Perhaps Pentagon optimists are right. Perhaps the success of Blue Force Tracker, of the special-forces assault on the Taliban column, and of air force operations in Iraq accurately foretell the full digital transformation of war. But to many observers, the disruption of communications between the main ground combat units in Iraq was not a very promising sign at all. "If there is this 'revolution in military affairs,' and if this revolution is based on technologies that allow you to network sensors and process information more quickly and spread it out quickly in digestible form, we are still just scratching the surface of it," says Cote of MIT. "If you look at the performance of a lot of the components of the first efforts in that direction, it's a pretty patchy performance." And then there's the question of terror and insurgency. Even if the Pentagon transforms war fighting, the meaning of the word "war" is itself undergoing a transformation. More Americans died in the September 11 attacks than have subsequently died in Afghanistan and Iraq. And the Iraq insurgency challenges the meaning of the Iraq military victory. Future wars will be fought in urban zones by low-tech fanatics who do not follow the old rules. They are unlikely to array themselves as convenient targets for the U.S. to detect and destroy. Indeed, a leading cause of death among U.S. soldiers in Iraq today is improvised bombs targeting passing vehicles such as Humvees.
Arquilla says some networking technology can be-and is being-brought to bear against the Iraq insurgency. While actual strategies are secret, some general tactics are known. Suspicious vehicles can be tracked, and their connections to other people and locations determined. Small drone aircraft can deliver video feeds from urban buildings as well as from desert battlefields. Sensors can help find a sniper by measuring the acoustical signature of a bullet. And jamming devices can sometimes block radio-controlled detonation of roadside bombs. But old-fashioned tips from humans are likely to trump technology. "Our networks don't really have the sensitivity to keep up with unconventional enemies. All the network does is move information around, but the information itself is the key to victory," says Loren Thompson, chief operating officer of the Lexington Institute, a think tank in Arlington, VA. "It's a little hard to derive meaningful lessons from networked war fighting when you are dealing with such modest threats."

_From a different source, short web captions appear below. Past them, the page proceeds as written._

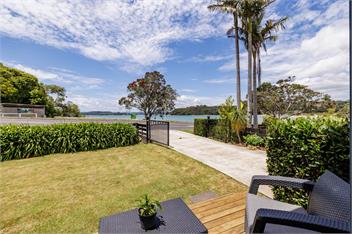 Rangimarie (Bachcare) - Paihia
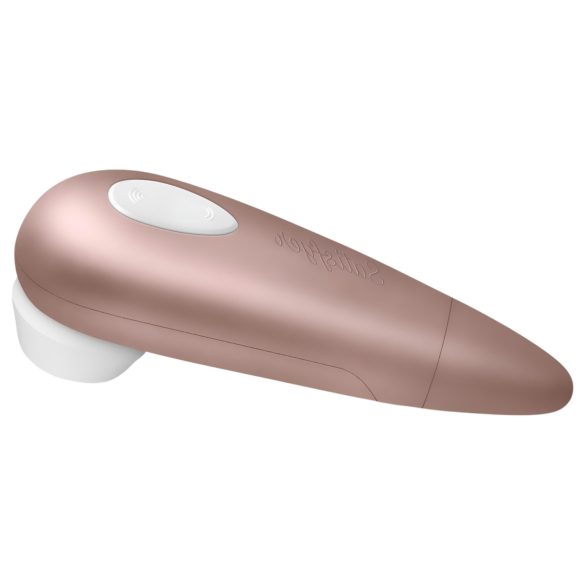 Satisfyer - vibratorius poroms rinkinys - 3 dalių
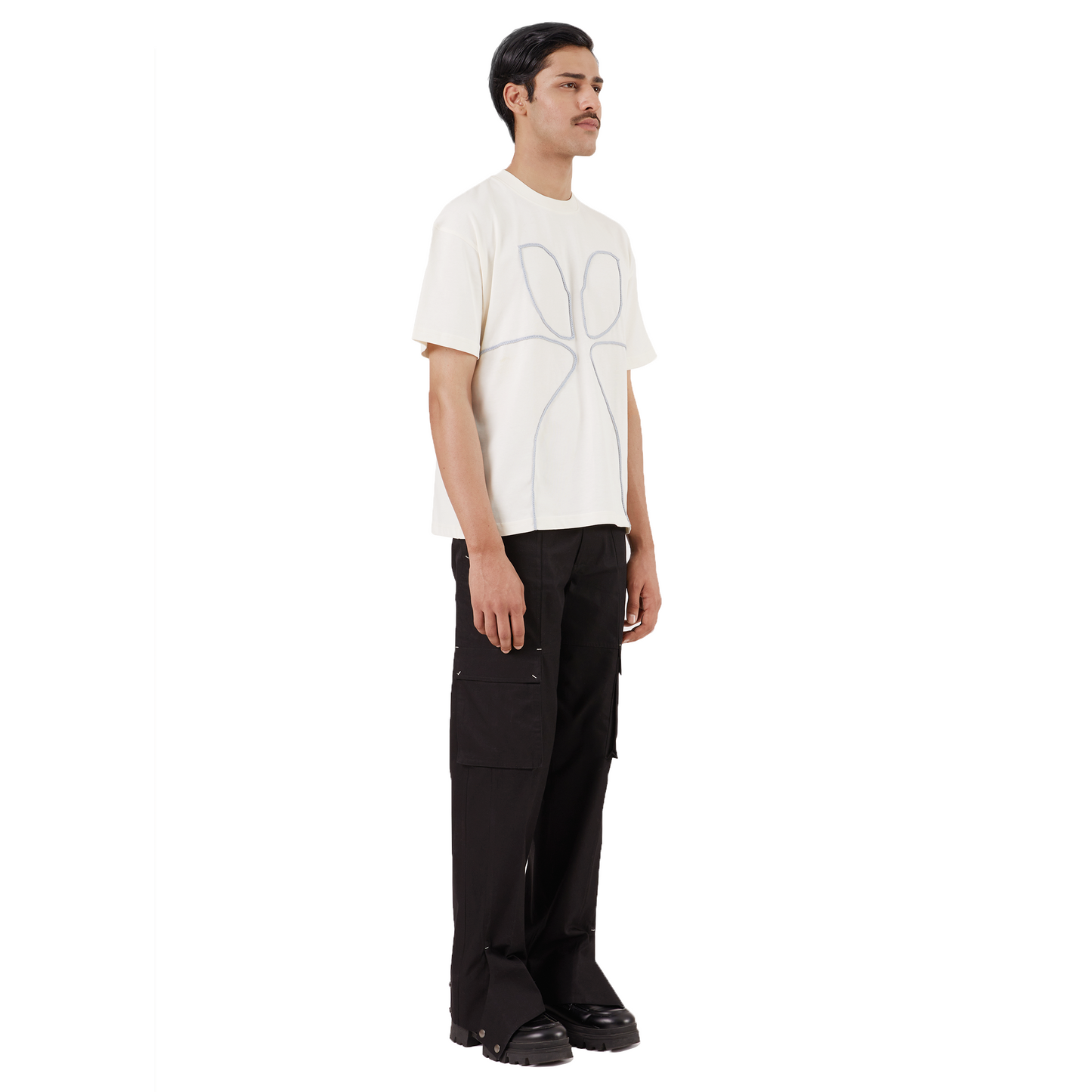 MHS Workwear Trousers- 104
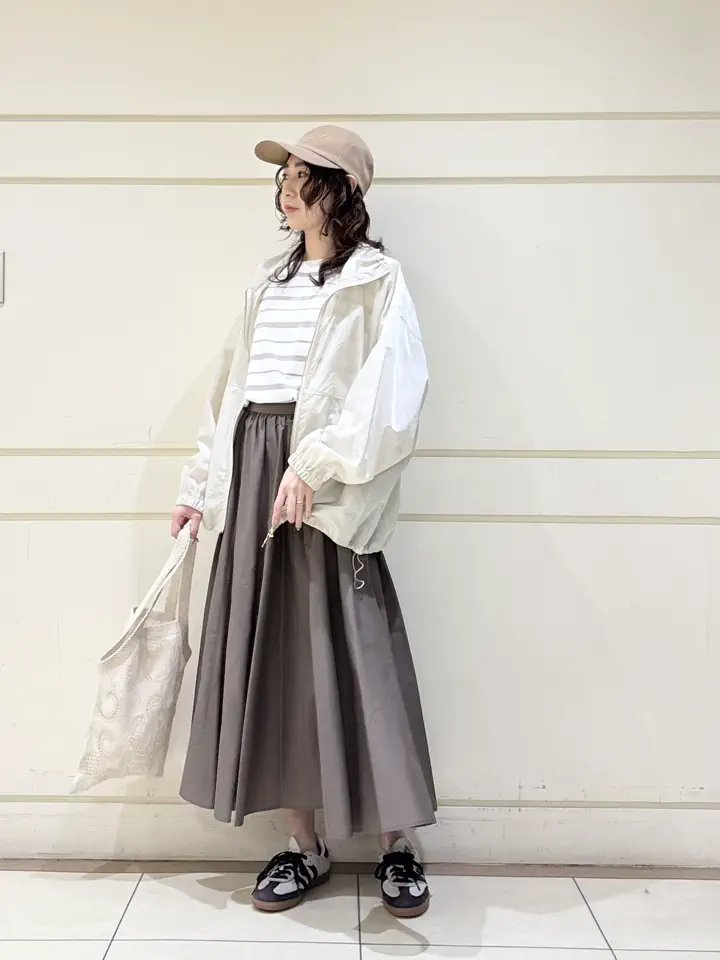 ONWARD CROSSET SELECT Kanako コーディネート画像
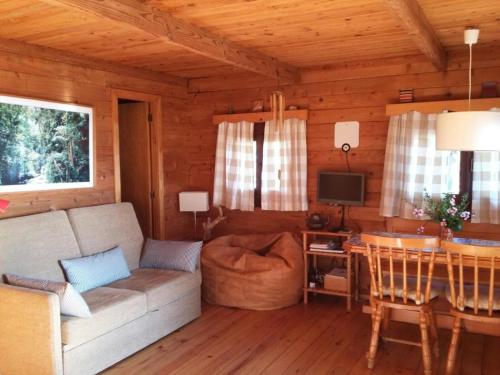 Stunning Rustic House River View gîte à louer Bagoada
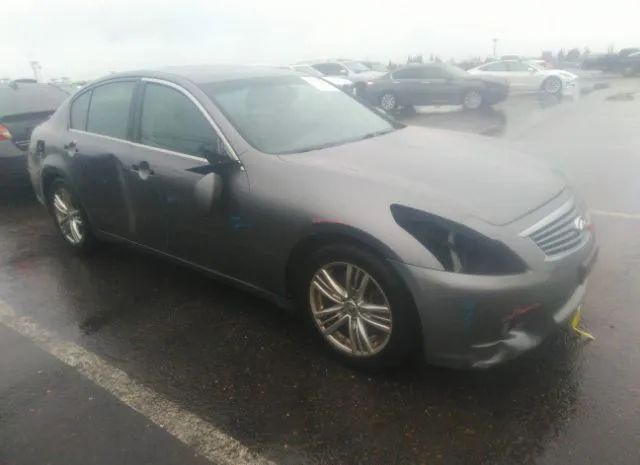 INFINITI G37 SEDAN 2011 jn1cv6ap8bm509054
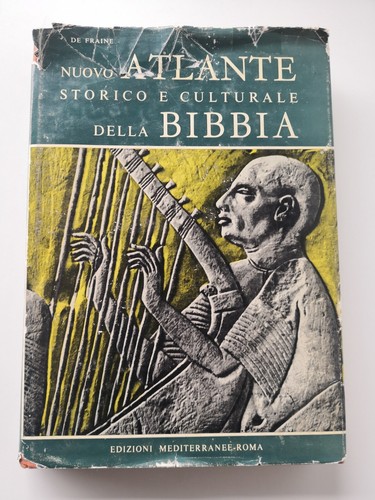 Nuovo atlante storico - atlante, e
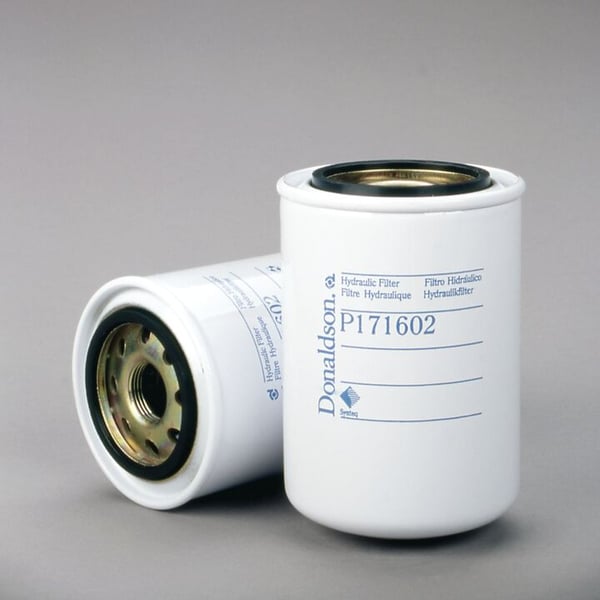 by Filter Services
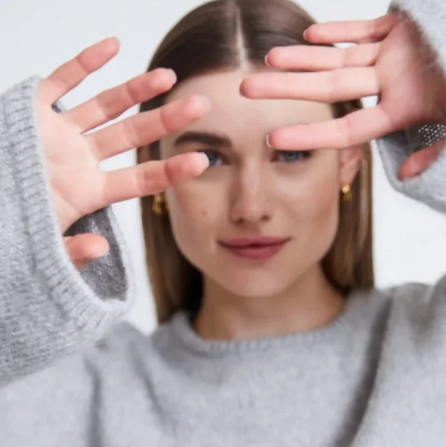 JAN 'N JUNE JAN 'N JUNE JANN JUNE Pullover LEJAK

The welter of postmortems from the Iraq and Afghanistan wars tell many stories. But one thing is clear: Marcone never knew what was coming at Objective Peach. Advanced sensors and communications-elements of future networked warfare designed for difficult, unconventional battles-failed to tell him about a very conventional massed attack. "It is my belief that the Iraqi Republican Guard did nothing special to conceal their intentions or their movements. They attacked en masse using tactics that are more recognizable with the Soviet army of World War II," Marcone says.
And so at a critical juncture in space (a key Euphrates bridge) and time (the morning of the day U.S. forces captured the Baghdad airport), Marcone only learned what he was facing when the shooting began. In the early-morning hours of April 3, it was old-fashioned training, better firepower, superior equipment, air support, and enemy incompetence that led to a lopsided victory for the U.S. troops. "When the sun came up that morning, the sight of the cost in human life the Iraqis paid for that assault, and burning vehicles, was something I will never forget," Marcone says. "It was a gruesome sight. You look down the road that led to Baghdad, for a mile, mile and a half, you couldn't walk without stepping on a body part."
Yet just eight U.S. soldiers were wounded, none seriously, during the bridge fighting. Whereas U.S. tanks could withstand a direct hit from Iraqi shells, Iraqi vehicles would "go up like a Roman candle" when struck by U.S. shells, Marcone says. Sitting in an office at Rand, Gordon puts things bluntly: "If the army had had Strykers at the front of the column, lots of guys would have been killed." At Objective Peach, what protected Marcone's men wasn't information armour, but armour itself.